One way to do this is to try playing the role of a journalist. Let’s say your editor tells you to report on your potential move to the U.S. Journalism 101 says, the best way to ensure you get a complete story is by asking the “Five W’s.” What are the five W’s? What, Why, Who, Where, and When. So go ahead – channel your inner Walter Cronkite and go get the story.

What do you want to do?

This sounds like an obvious question but it is important not to overlook it. Your answer is probably, “I want to live in the U.S.” Make sure you do your due diligence on this one by determining how long you want to spend in the U.S. per year. If your answer is you want to spend five to six months per year in the U.S. and are not interested in working, we would say, “great, as a Canadian you already have the right to spend up to six months per year in the U.S. You can even own a home there. Make sure you visit Altro Levy LLP’s website to see how to title your U.S. property as a Canadian.” If your answer is “six months is not enough,” well then we would say keep reading.

Why do you want to go?

From time to time, a Canadian will decide he/she wants to move to the U.S. This can happen for a multitude of reasons. Whatever the reason they want to move, we always make them promise that even if they move somewhere where there is only sun and no ice, they will never stop being hockey fans. After all, it is who we are as Canadians.

Below are some of the more common reasons clients tell us they want to move to the U.S.:

  • “I am sick and tired of paying almost 50% tax to the government.”
  • “I can’t stand the weather in Canada.”
  • “I married an American and I want to move there be with him/her.”
  • “I have a great job opportunity in L.A., New York, Florida etc.”
  • “We are U.S. citizens living in Canada and we want to return home.”
  • “I hate counting the days I can spend in the U.S. I want to have the freedom to be in the U.S. more than six months a year.”
  • “I would like to golf year-round.”
  • “I would like to expand my business to the U.S. and move down there to run it.”
  • “My son moved down there a few years ago. He and his wife just had their second kid and we want to be close to our grandchildren.”
  • “Arizona will be a better climate for my health issues.”

Who is coming with you?

Are you going alone? Do you have a spouse that is coming along with you? What about children? Your plan will vary greatly depending on who is involved, what assets they own and what they plan on doing once they are Stateside. A red flag needs to be waved if you are in a common law relationship or same sex marriage due to the changing legislation in the U.S. relating to the Defense of Marriage Act (DOMA).

Where do you want to live?

Most Canadians are looking to move to the Sunbelt (Florida, Texas, Arizona and California), while many others have family ties or employment opportunities in the northern states like New York, Vermont, Michigan or Washington State. From time to time, clients are open to a variety of options. As cross border tax and financial advisors, we are always concerned about saving taxes for our clients so we would be amiss if we did not point out that all states are not created equal when it comes to tax.
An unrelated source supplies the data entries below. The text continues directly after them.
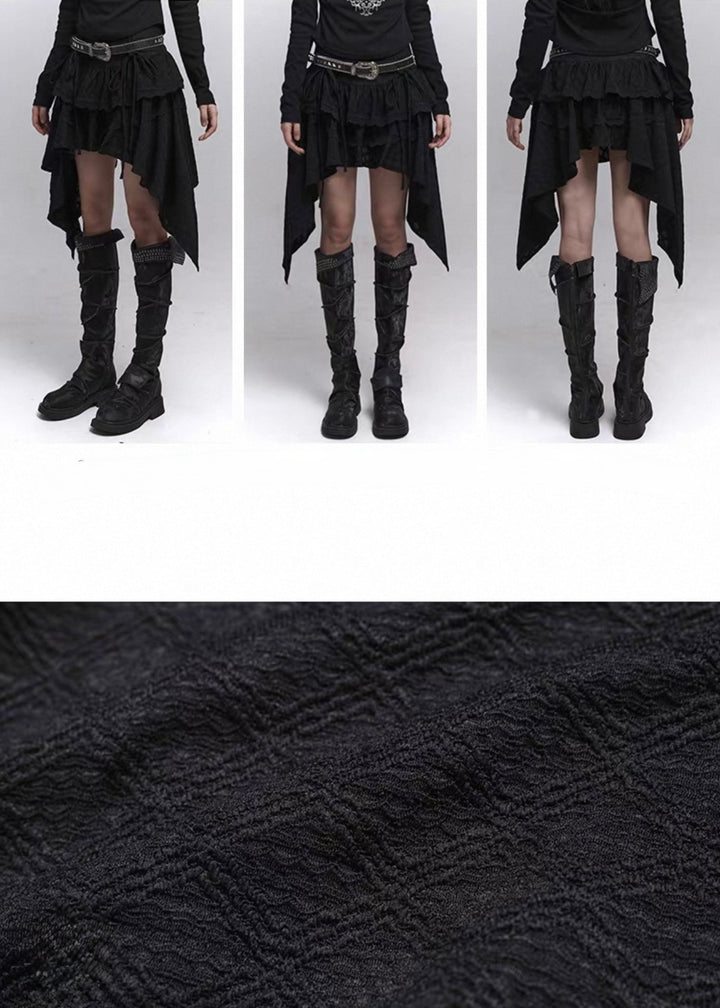 Shadow Shirring Ribbon Skirt / lg1361_e4r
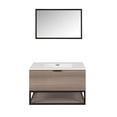 thumbnail image 2 of mueble para baño flotante montenegro 32" gris contrachapado de melamina con lavabo y espejo, 2 of 7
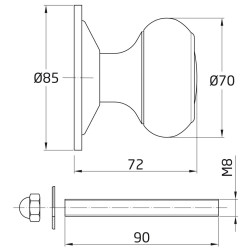 POMO PUERTA AMIG 55 ACERO LATONADO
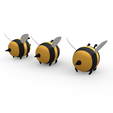 3.png Low Poly Bee Cartoon Expressions - Happy, Sad, Angry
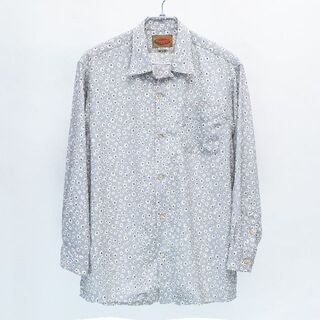 【良品】BAZOO  総柄 花柄 小紋 オープンカラーシャツ(シャツ)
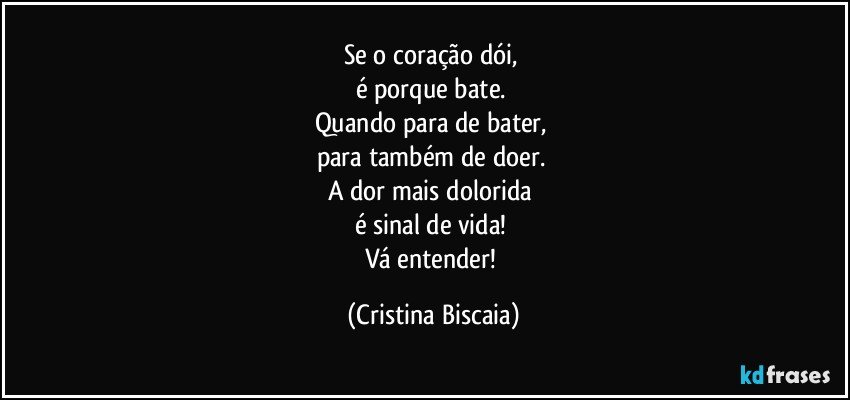 Se o coração dói,
é porque bate.
Quando para de bater,
para também de doer.
A dor mais dolorida
é sinal de vida!
Vá entender! (Cristina Biscaia)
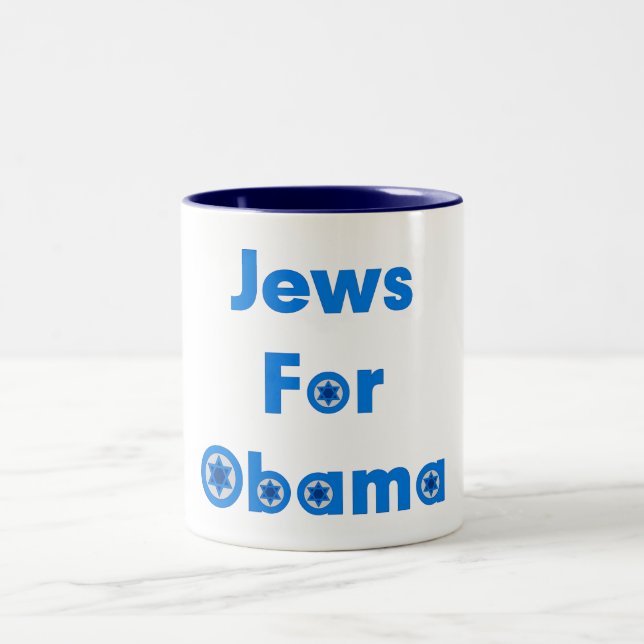 Juden für Obama-Tasse Zweifarbige Tasse (Mittel)
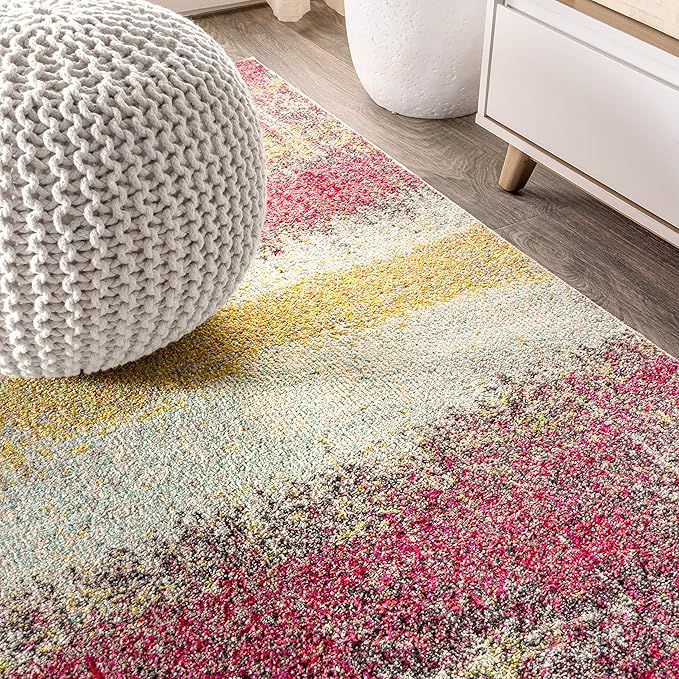 JONATHAN Y Modern Abstract Vintage Cream/Pink Indoor Area Rug, 5x8, Contemporary POP, Transitional, Easy-Cleaning for Living Room, Bedroom, Kitchen, Pet Friendly, Non-Shedding (CTP105B-5)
Much like Canada where there is federal and provincial tax, the tax residents of the U.S. pay federal and state tax (in most states). Where the two countries differ is in the tax rates. Not only are the federal and state tax rates considerably lower in the U.S., the rates in which they increase are also much less. This can lead to considerable income tax savings for Canadians who successfully move to the U.S. As you can see in the table below, a resident of Quebec who earns annual income of $140,000 has a marginal tax rate of 50%. Compare this to a resident of Florida who has a marginal tax rate of only 28%, earning the same $140,000 of income.

When do you expect to move?

When planning a cross border move, timing is critical. One common mistake is underestimating the amount of time required to work through all the issues related to a move of this nature. Typically it takes anywhere from nine months to two years to create and implement an effective plan for you and your family to become U.S. residents.